Zeitumstellung - Segen oder Fluch?

Zeitumstellung auf Sommerzeit
Alle Jahre wieder erhebt sich zwei Mal die Frage, ob die Zeitumstellung sinnvoll ist und ob man lieber die Winter- oder die Sommerzeit hat. Zwei Stimmen dazu aus der Redaktion.
Martin Bernert

Martin Bernert

Paul Haider

Paul Haider

PRO

Martin Bernert, Ressort Blattmacher

Vor einigen Jahren gab es in mehreren EU-Ländern und im Europäischen Parlament Debatten, ob die jährliche Zeitumstellung beibehalten oder abgeschafft werden soll. Und wenn abschaffen, sollte es dann dauerhaft Sommer- oder Winterzeit geben? 

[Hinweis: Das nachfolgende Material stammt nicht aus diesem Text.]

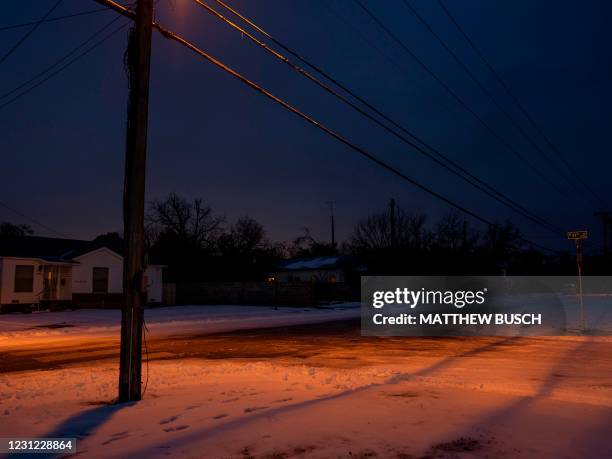 Snow covers the ground in Waco, Texas, on February 17, 2021 as severe winter weather conditions over the last few days has forced road closures and...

Daraufhin initiierte die EU-Kommission im Sommer 2018 eine Online-Umfrage, an der 4,6 Millionen Menschen teilnahmen – mehr als an allen anderen EU-weiten Umfragen zuvor. Eine gewaltige Mehrheit (84 Prozent) der Befragten stimmte für eine Abschaffung der Zeitumstellung – allerdings wollten die meisten nicht zurück zur Normalzeit (also Winterzeit), sondern sprachen sich für eine „ständige Sommerzeit“ aus.

Und genau das ist der Punkt: Die Europäer haben sich an die Sommerzeit gewöhnt und wollen die lauen Abende mit spätem Sonnenuntergang nicht missen. Das entspricht den Lebensumständen der Menschen – wir gehen später schlafen als die Generationen vor uns und verbringen unsere Freizeit vermehrt unter freiem Himmel.

Darauf haben sich auch viele Branchen der (Freizeit-)Wirtschaft eingestellt, und wir nutzen das Angebot an Gastgärten, Open-Air-Konzerten, Freiluftkinos und anderen abendlichen Outdoor-Aktivitäten nur zu gerne.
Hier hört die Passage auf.